Our trip to Europe was supposed to be our fresh start, the beginning of a promising life unburdened by the past or our mutual grief. Our ambitious itinerary reflected our hopes, with stops planned in London, then Paris, Bruges, Amsterdam, Florence, and Rome.

A visit to London would be no different than traveling to any other city, I tried to convince myself. We would visit the sights, sample the local food, and come home with full bellies and a spring in our step, ready to begin our new life together.

My husband didn’t understand why I’d avoided England so stubbornly. He’d heard stories from my traveling days—how I’d pedaled a bicycle from Salzburg to Vienna with my belongings strapped on a rack, stopped alongside the Danube to eat cheese and bread, crisscrossed Europe on high-speed trains. Once I’d seen enough of Europe, I traveled to Southeast Asia, flouting government warnings to venture into conflict-ridden jungles, and through western Africa, braving military checkpoints to discover villages untouched by modern technology.

But the thought of London tied my stomach up in knots.

It’s going to be different, I remember Patrick saying. She’s dead now. She can’t hurt you anymore.

We’d met late in life, as adults, and married in our mid-forties. We were an unlikely pair, at least on paper. Patrick was a laid-back jazz musician and animation artist, while I was a driven public interest environmental attorney hell-bent on taking down polluters. Yet our connection was instant.

He was quick-witted and handsome, with curly hair, an infectious smile, and kind brown eyes. I could hardly believe my luck. He could have his pick of women, I thought. Why had he chosen me? He showered me with compliments, told me I was perfect, beautiful, and brilliant. I chided him, accusing him of flattery, but he continued, undeterred. And so I learned to keep my doubts to myself, silently answering his praise with a ready-made list of my imperfections.

We were matched by one of those online services that promises to find your soul mate based on answers to a series of questions. If your friends could describe you in four words, what would they be? What are you thankful for? What’s your favorite book? I’d answered dutifully and earnestly, hopeful that my responses would bring me the love I yearned for. Instead I spent my evenings reviewing seemingly endless profiles of men who didn’t appeal to me, or vice versa. An early match who’d seemed promising asked me outright about my relationship with my family, his line in the sand.

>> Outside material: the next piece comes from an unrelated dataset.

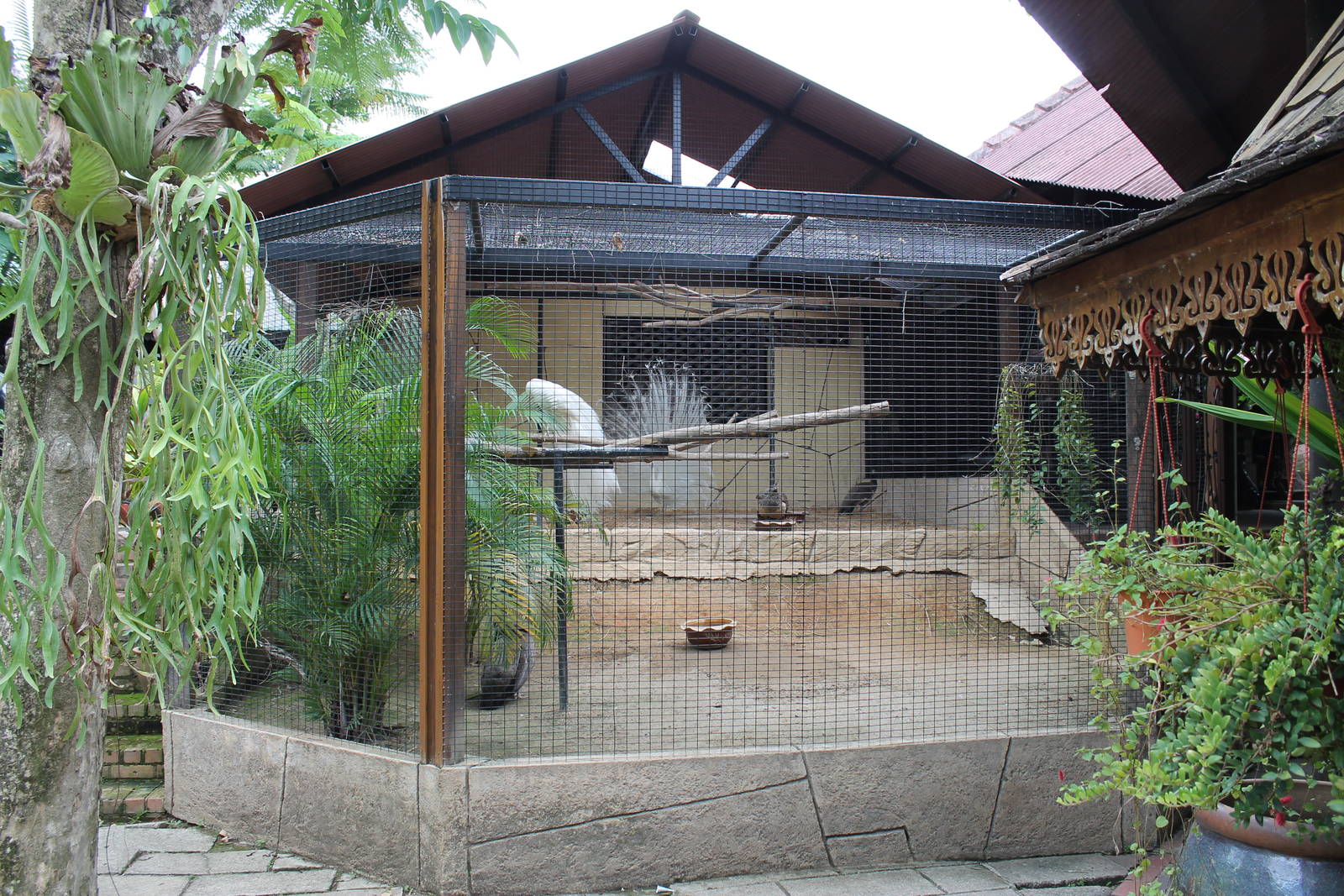 peacock aviary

If you didn’t have a good relationship with your family, then how could you have a good relationship with your partner? His reasoning filled me with anxiety, my troubled relationship with my mother casting a pall over a process that was already difficult.

The issue continued to gnaw away at me as things with Patrick got more serious. The last thing I wanted was to scare off a prospective partner by introducing him to my mother. So I tested the waters slowly, gradually revealing eccentricities like her belief in ghosts, or her inside scoop on government plots to poison our water supplies. I carefully watched his reactions, fearful that if he had any inkling of the sickness that afflicted our family, he would run for the hills.